**Task item:**
A verbatim copy is needed of the lines below from the one containing "Rimmel BB Cream" up to and including the one containing "5G测速大师 5G测速大师", excluding pictures.

**Provided records:**
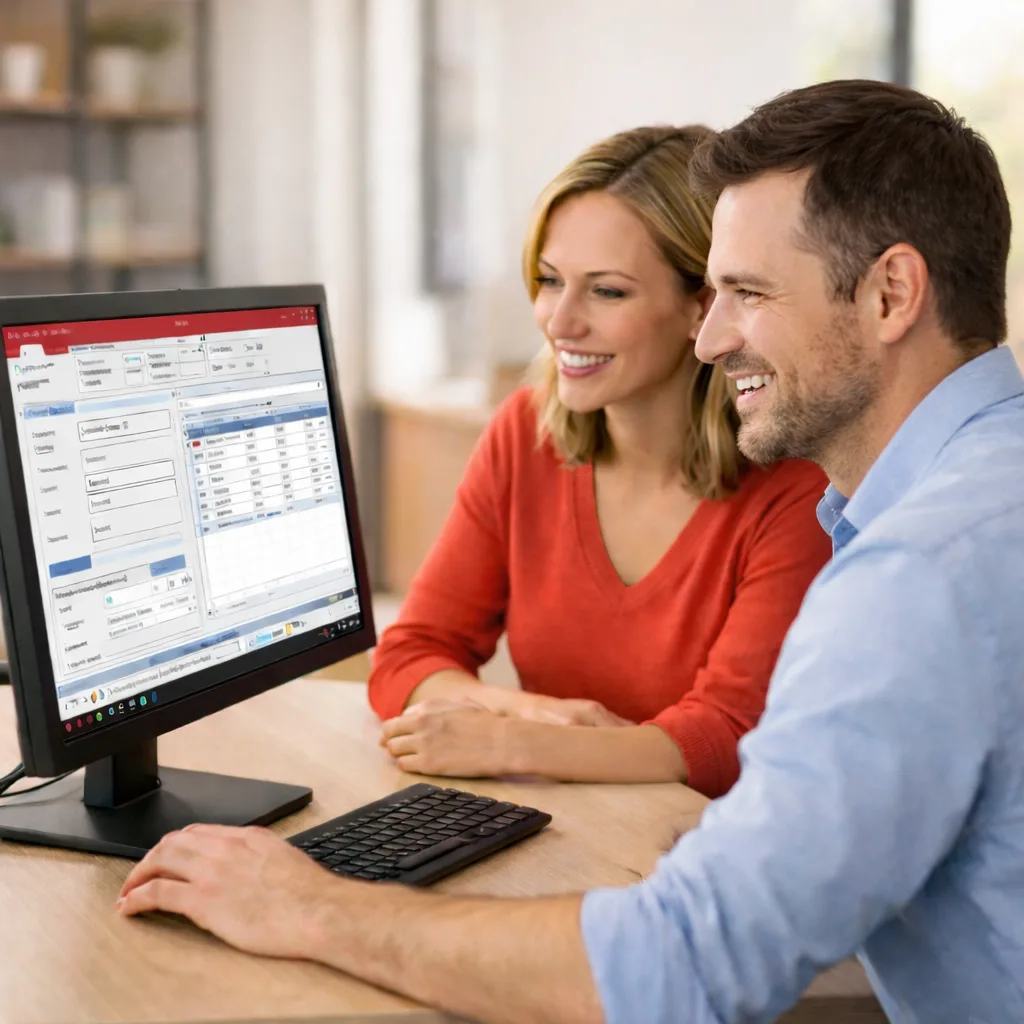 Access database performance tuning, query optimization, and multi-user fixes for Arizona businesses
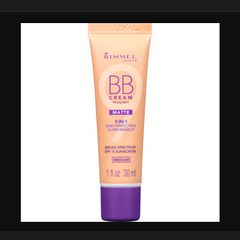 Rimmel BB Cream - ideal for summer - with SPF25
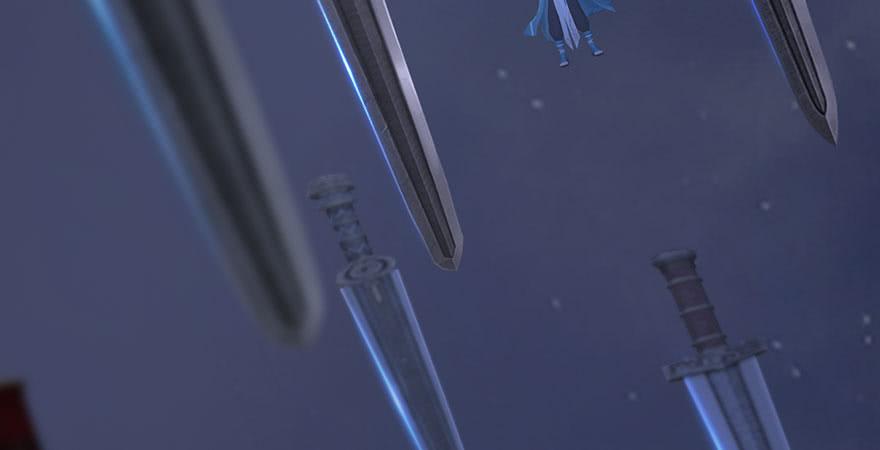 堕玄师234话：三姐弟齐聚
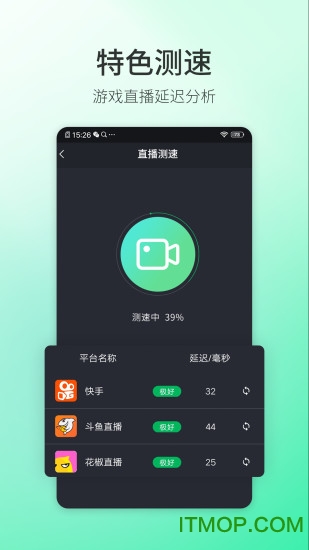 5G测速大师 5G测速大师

* * *

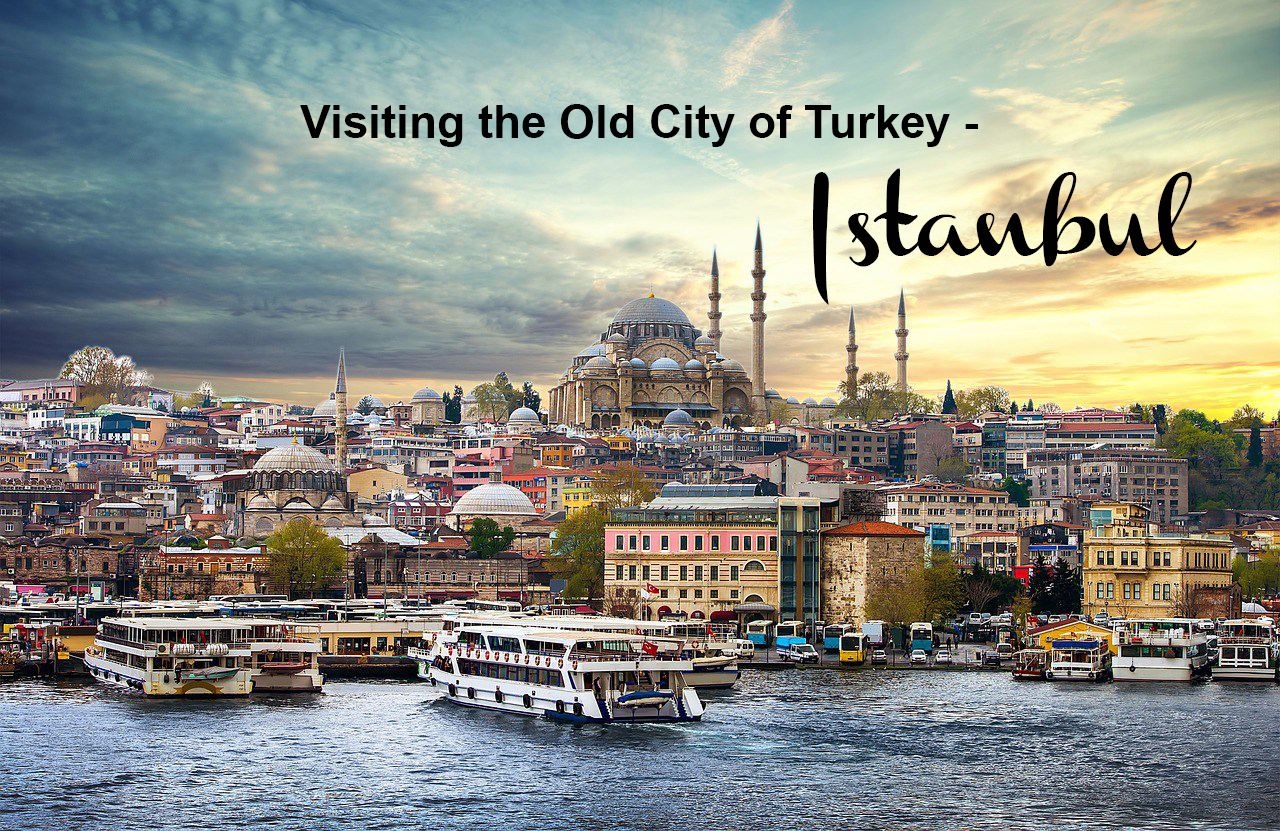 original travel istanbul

**Task answer:**
 Rimmel BB Cream - ideal for summer - with SPF25
 堕玄师234话：三姐弟齐聚
 5G测速大师 5G测速大师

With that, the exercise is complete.